The framework handles consumer group management, offset commits, deserialization, and error routing. Our code focuses entirely on business logic.

Multiple channels in a single service

A single Quarkus microservice can consume from and produce to multiple Kafka topics simultaneously using separate @Incoming and @Channel annotations. The sync connector consumes from three topics and produces to two as follows:

// Consuming from three different Kafka topics in the same service
@Incoming("rp-cdc-issue")           // Debezium CDC events
public CompletionStage<Void> cdcConsume(...) { ... }
@Incoming("polar-feedback-sink")    // Polarion feedback events
public void polarConsume(...) { ... }
@Incoming("rp-fail-record-sink")    // RP failure records
public void rpFailRecordConsume(...) { ... }
// Producing to two outgoing topics using @Channel emitters
@Channel("rp-polar-item-sync")
Emitter<RPPolarSync> rpPolarItemSyncEmitter;
@Channel("rp-polar-sync-status")
Emitter<RPPolarSync> rpPolarSyncEmitter;

Each channel maps to its Kafka topic through configuration properties, keeping the wiring declarative and the code clean.

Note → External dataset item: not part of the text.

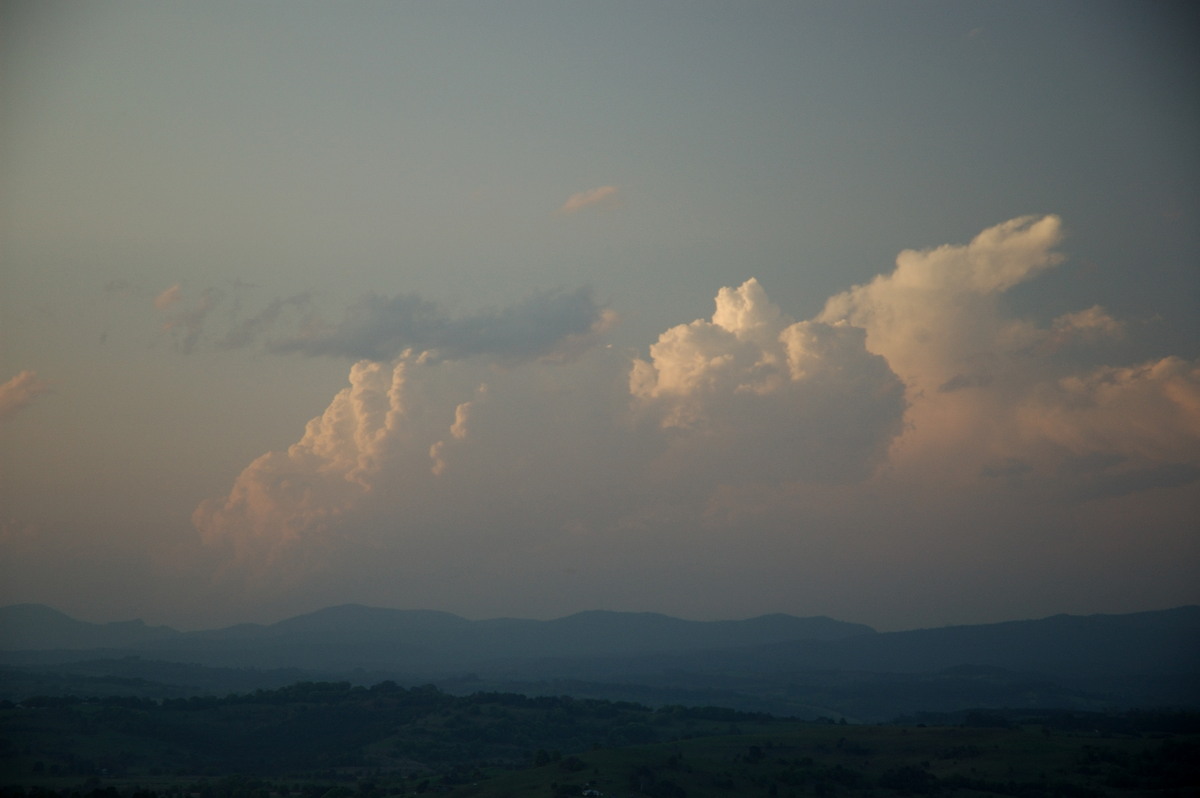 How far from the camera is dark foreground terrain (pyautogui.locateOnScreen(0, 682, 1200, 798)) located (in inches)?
4370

Declarative channel configuration

To define all Kafka channel bindings in application.properties, use the MicroProfile Reactive Messaging naming convention. Each channel gets its own connector type, consumer group, serializer/deserializer, and failure strategy, as shown in this snippet:

# Incoming CDC channel with dead-letter queue for failed messages
mp.messaging.incoming.rp-cdc-issue.connector=smallrye-kafka
mp.messaging.incoming.rp-cdc-issue.group.id=rp-polar-sync
mp.messaging.incoming.rp-cdc-issue.failure-strategy=dead-letter-queue
mp.messaging.incoming.rp-cdc-issue.key.deserializer=com.example.CDCKeyDeserializer
mp.messaging.incoming.rp-cdc-issue.value.deserializer=com.example.CDCValueDeserializer
# Outgoing sync status channel
mp.messaging.outgoing.rp-polar-sync-status.connector=smallrye-kafka
mp.messaging.outgoing.rp-polar-sync-status.value.serializer=
    io.quarkus.kafka.client.serialization.ObjectMapperSerializer

The failure-strategy=dead-letter-queue setting automatically routes messages that fail deserialization or processing to a dead-letter topic, preventing a single bad message from blocking the entire consumer. You don't need a custom error-handling infrastructure.

Built-in health checks

With quarkus-smallrye-health and health-enabled=true on each channel, Quarkus automatically exposes Kafka connectivity status through Kubernetes readiness and liveness probes. If a consumer loses connection to a Kafka topic, it marks the pod as unhealthy, and Kubernetes handles the restart.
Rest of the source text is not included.